#### Problem to work on:
Restate exactly the lines of the entries below, beginning with the first and ending with the line that holds "667 - Pair vintage". Pictures are not copied.

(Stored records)
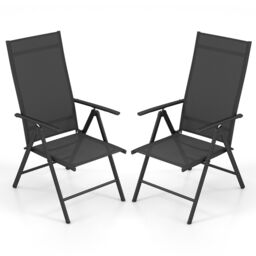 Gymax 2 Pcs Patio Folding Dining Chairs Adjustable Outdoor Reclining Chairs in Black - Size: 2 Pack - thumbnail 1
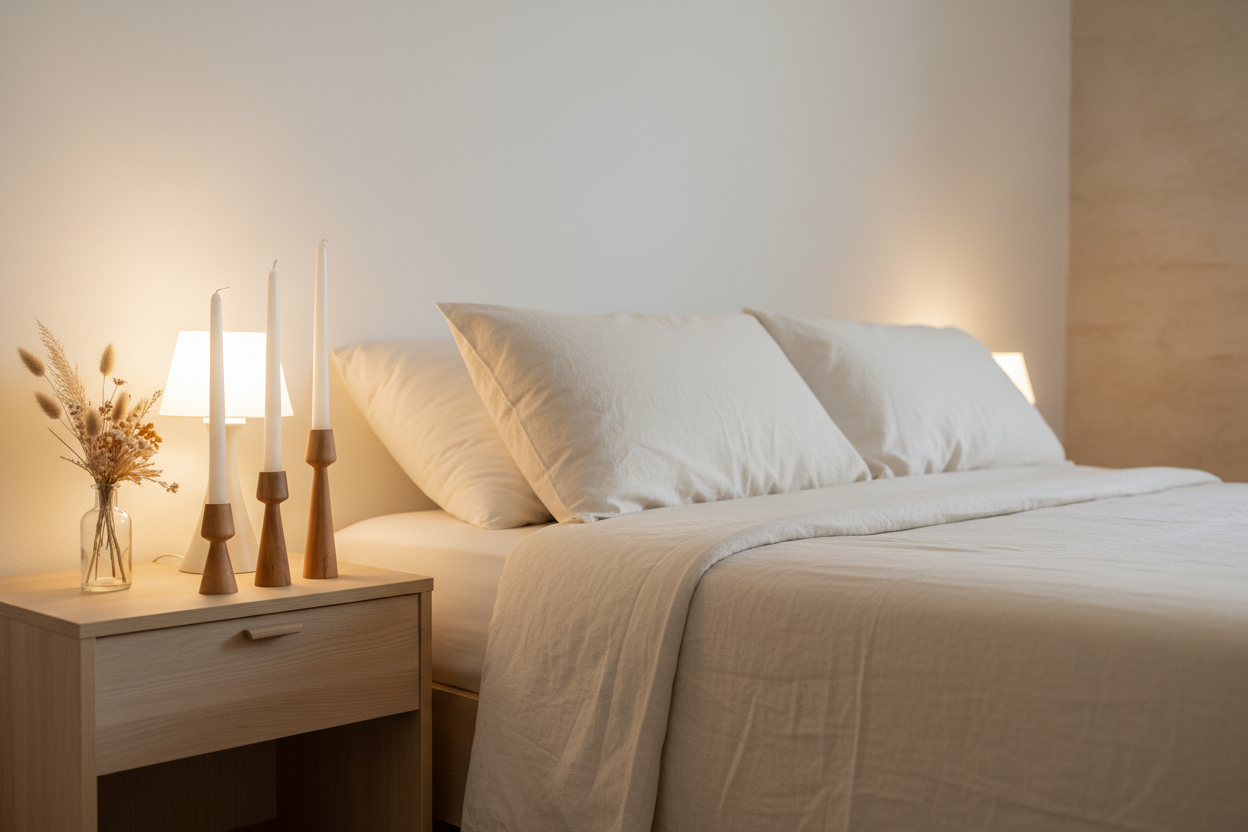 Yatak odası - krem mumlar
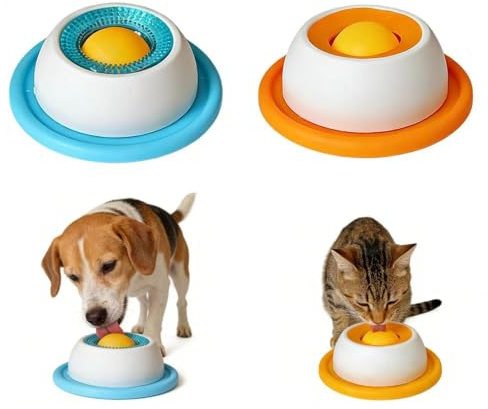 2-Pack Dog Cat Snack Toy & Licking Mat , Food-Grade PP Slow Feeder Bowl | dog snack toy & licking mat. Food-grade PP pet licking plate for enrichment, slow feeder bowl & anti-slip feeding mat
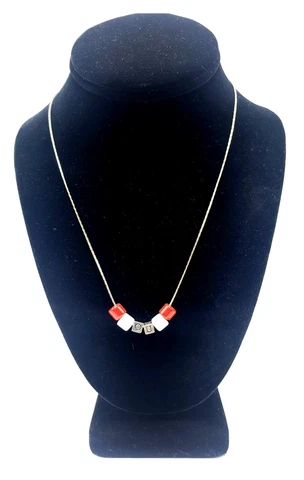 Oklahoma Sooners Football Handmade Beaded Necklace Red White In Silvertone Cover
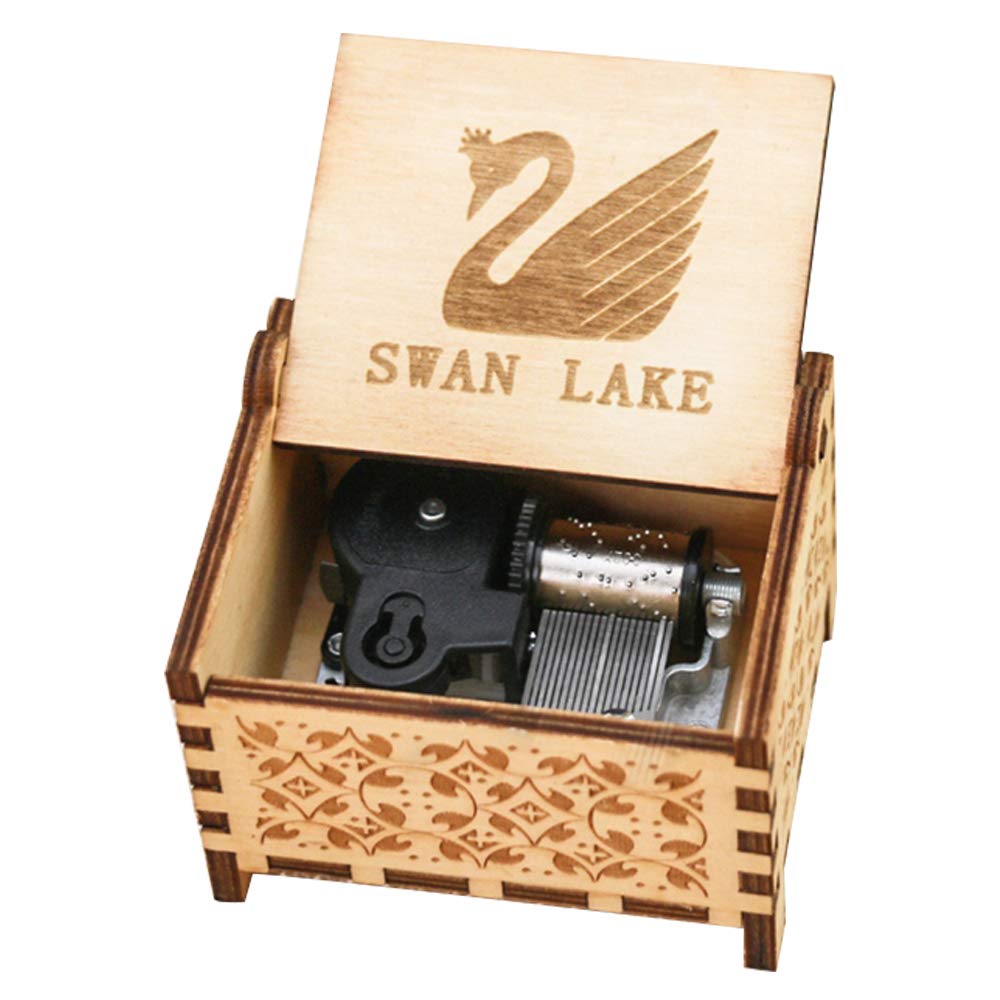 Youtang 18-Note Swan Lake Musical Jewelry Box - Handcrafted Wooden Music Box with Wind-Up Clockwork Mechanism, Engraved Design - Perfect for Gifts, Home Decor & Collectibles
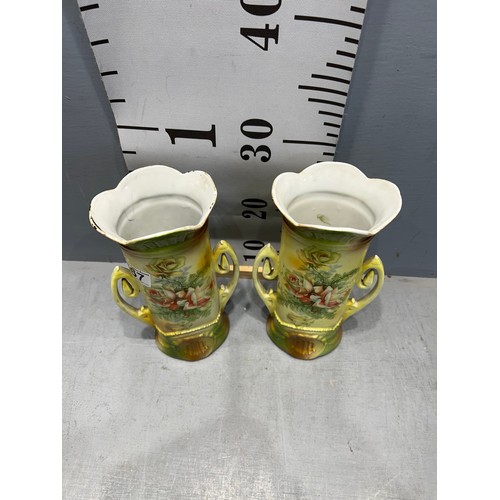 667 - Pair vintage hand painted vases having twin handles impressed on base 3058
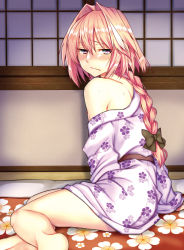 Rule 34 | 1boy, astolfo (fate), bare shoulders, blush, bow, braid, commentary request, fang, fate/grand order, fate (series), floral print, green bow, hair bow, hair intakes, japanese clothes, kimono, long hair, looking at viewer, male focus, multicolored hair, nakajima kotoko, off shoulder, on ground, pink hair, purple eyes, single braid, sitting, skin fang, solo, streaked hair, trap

#### Answer to this problem:
 Gymax 2 Pcs Patio Folding Dining Chairs Adjustable Outdoor Reclining Chairs in Black - Size: 2 Pack - thumbnail 1
 Yatak odası - krem mumlar
 2-Pack Dog Cat Snack Toy & Licking Mat , Food-Grade PP Slow Feeder Bowl | dog snack toy & licking mat. Food-grade PP pet licking plate for enrichment, slow feeder bowl & anti-slip feeding mat
 Oklahoma Sooners Football Handmade Beaded Necklace Red White In Silvertone Cover
 Youtang 18-Note Swan Lake Musical Jewelry Box - Handcrafted Wooden Music Box with Wind-Up Clockwork Mechanism, Engraved Design - Perfect for Gifts, Home Decor & Collectibles
 667 - Pair vintage hand painted vases having twin handles impressed on base 3058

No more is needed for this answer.